Print the listing exactly as it stands, and skip any pictures in it.

● **Source material**:

- - - -

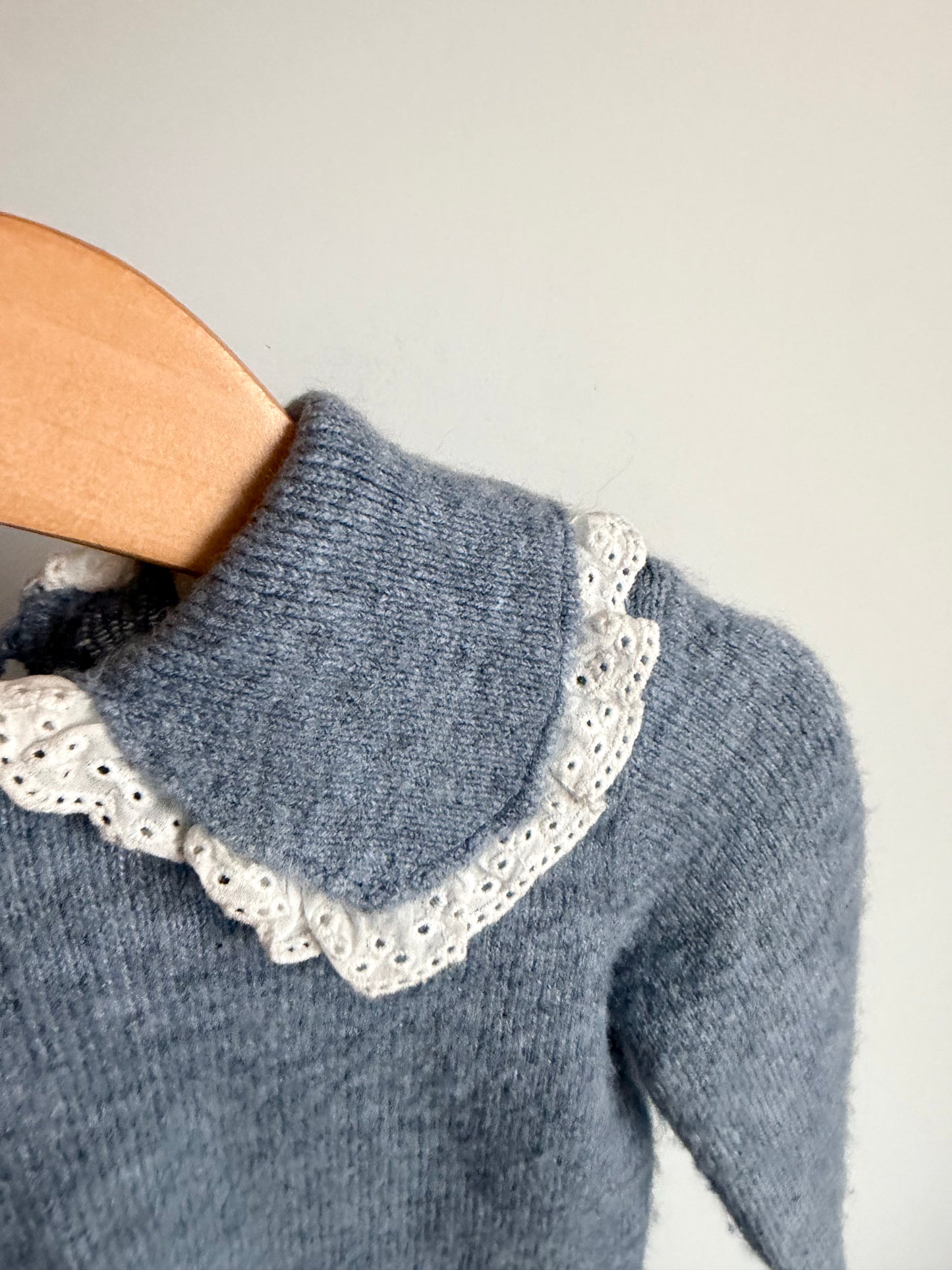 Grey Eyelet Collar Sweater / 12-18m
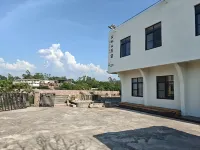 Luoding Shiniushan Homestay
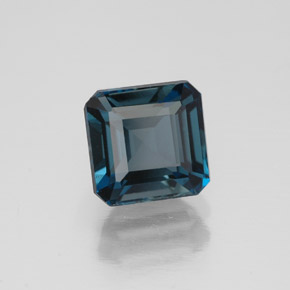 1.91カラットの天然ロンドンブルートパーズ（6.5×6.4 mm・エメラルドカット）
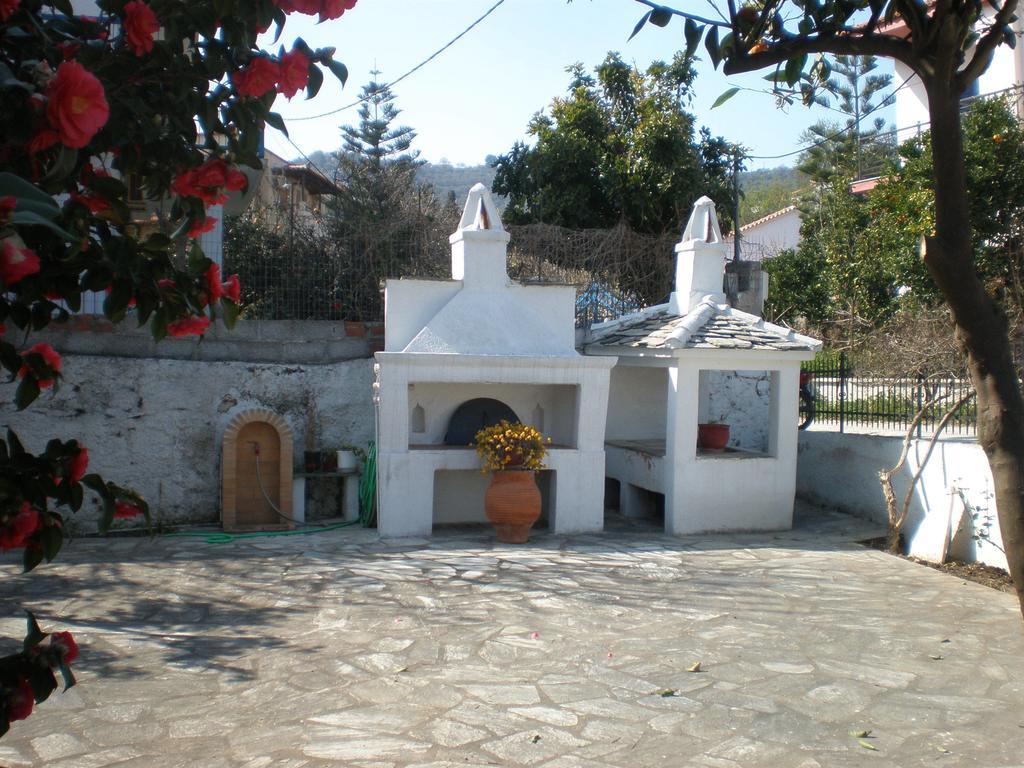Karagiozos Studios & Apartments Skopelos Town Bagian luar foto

- - - -

● **Written answer**:
 Grey Eyelet Collar Sweater / 12-18m
 Luoding Shiniushan Homestay
 1.91カラットの天然ロンドンブルートパーズ（6.5×6.4 mm・エメラルドカット）
Karagiozos Studios & Apartments Skopelos Town Bagian luar foto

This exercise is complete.